Is SingleStore DB a row-based or column-based store?

SingleStore DB provides both in-memory row-based and on-disk column-based stores.

The in-memory row store:

  • Works best for mixed transactional and analytical workloads
  • Provides low latency and highly concurrent reads and writes of individual rows as well as sophisticated analytical SQL queries
  • Supports PRIMARY and UNIQUE keys
  • Supports geospatial indexes
  • Has longer recovery times (as the entire table needs to be loaded into memory)

The on-disk column store:

  • Works best for analytical workloads
  • Allows tables larger than the amount of available RAM in the cluster
  • Uses compression (which lowers disk usage and accelerates replication)
  • Provides fast and efficient scans of large datasets
  • Provides sorted columnstore indexes
  • Is optimized for batch UPDATE and DELETE queries
  • Requires more expensive query compilation (as compared to the row store)

How does SingleStore DB’s in-memory lock-free storage engine work?

SingleStore DB’s storage engine uses multi-version concurrency control with lock-free skip lists and lock-free hash tables which allow highly concurrent reads and writes at very high throughput. Reads in SingleStore DB are never blocked, but updates to the same row can conflict with logical locks.

What is the advantage of SingleStore DB over traditional databases like Oracle, SQL Server or MySQL with data in a “ramdisk” or large buffer pools?

Two common techniques for leveraging large amounts of memory in traditional databases are storing data files on a “ramdisk” or running a disk-based storage engine with a large buffer pool. For example, MySQL performs much better with InnoDB configured to use a large buffer pool.

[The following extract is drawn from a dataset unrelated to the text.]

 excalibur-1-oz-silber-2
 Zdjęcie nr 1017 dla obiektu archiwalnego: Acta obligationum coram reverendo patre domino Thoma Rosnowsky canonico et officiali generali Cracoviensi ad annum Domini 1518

While running an existing storage engine like InnoDB in memory can alleviate some of the bottlenecks involved with disk, SingleStore DB has four distinguishing memory-optimized features that enable it to perform significantly better than disk-based storage engines running in memory:

  • SingleStore DB is a distributed scale-out system. SingleStore DB scales to thousands of machines on commodity hardware.
  • No buffer pool. Traditional databases manage a global buffer pool since they assume that the dataset can’t fit into memory. The buffer pool is a resource shared across all databases and all tables, which creates significant contention.
  • Lock-free data structures. SingleStore DB uses memory-optimized, lock-free skip lists and hash tables as its indexes. Unlike B+ Trees, these data structures are designed from the ground up to be fast in memory.
  • Code generation. Lock-free data structures are so fast that dynamic SQL interpretation quickly becomes the limiting factor for query execution. With code generation, SingleStore DB compiles SQL down to native code for maximum performance.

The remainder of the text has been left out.